This task asks for the lines from the one with "Эскизы платьев для девочек" to the final line below, repeated exactly, with pictures omitted.

Source material:
************
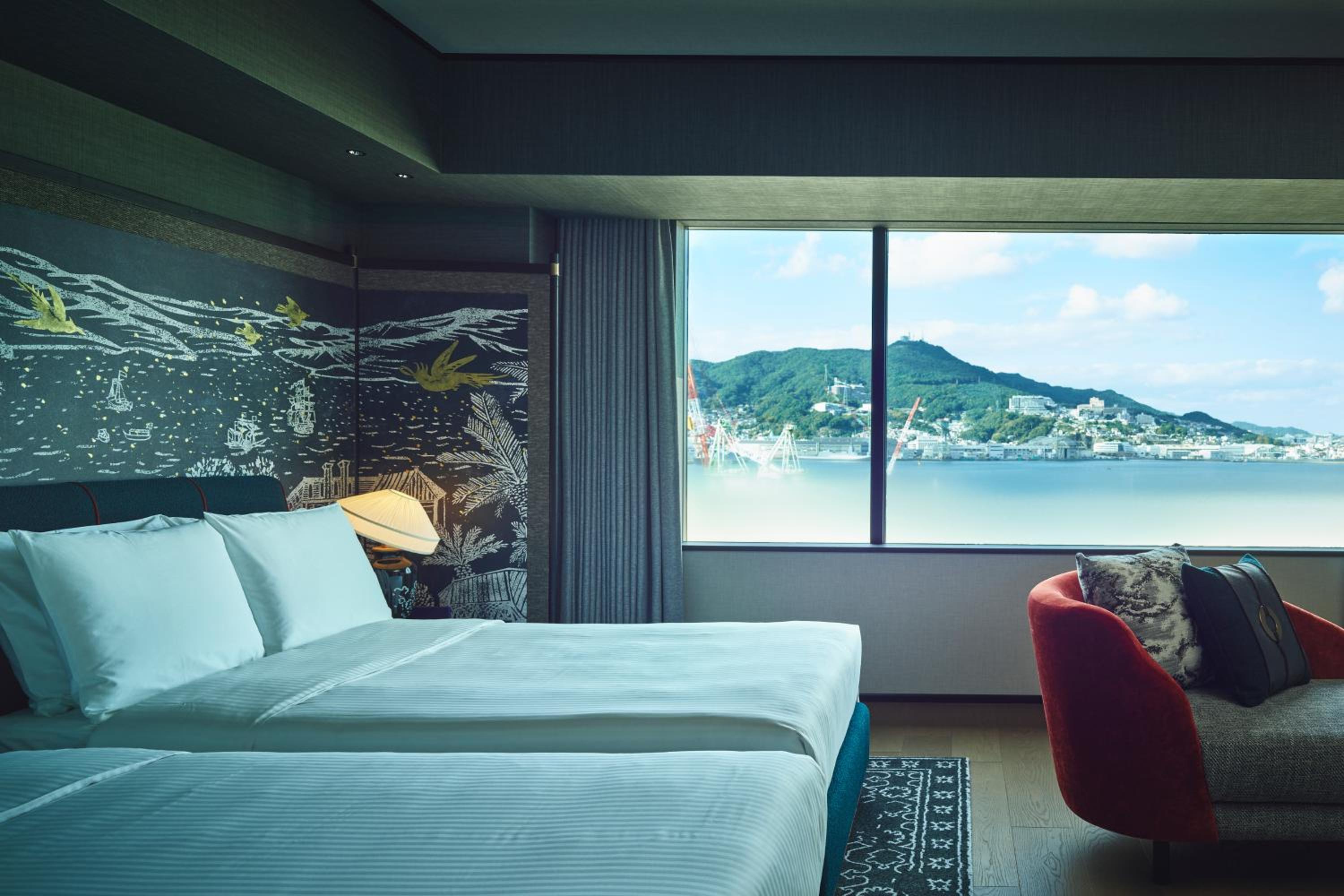 Premium Double Room - North Building - Photo 1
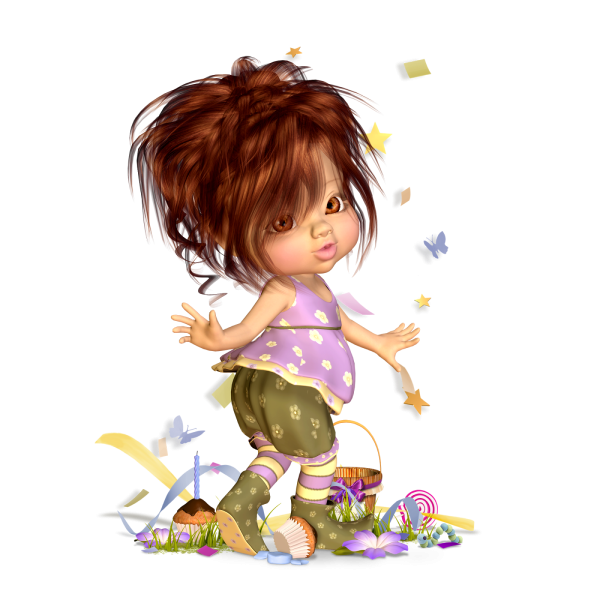 Эскизы платьев для девочек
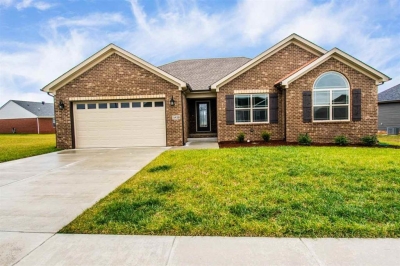 5438 Hackberry Way, Bowling Green, KY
************
Result of the task:
 Эскизы платьев для девочек
 5438 Hackberry Way, Bowling Green, KY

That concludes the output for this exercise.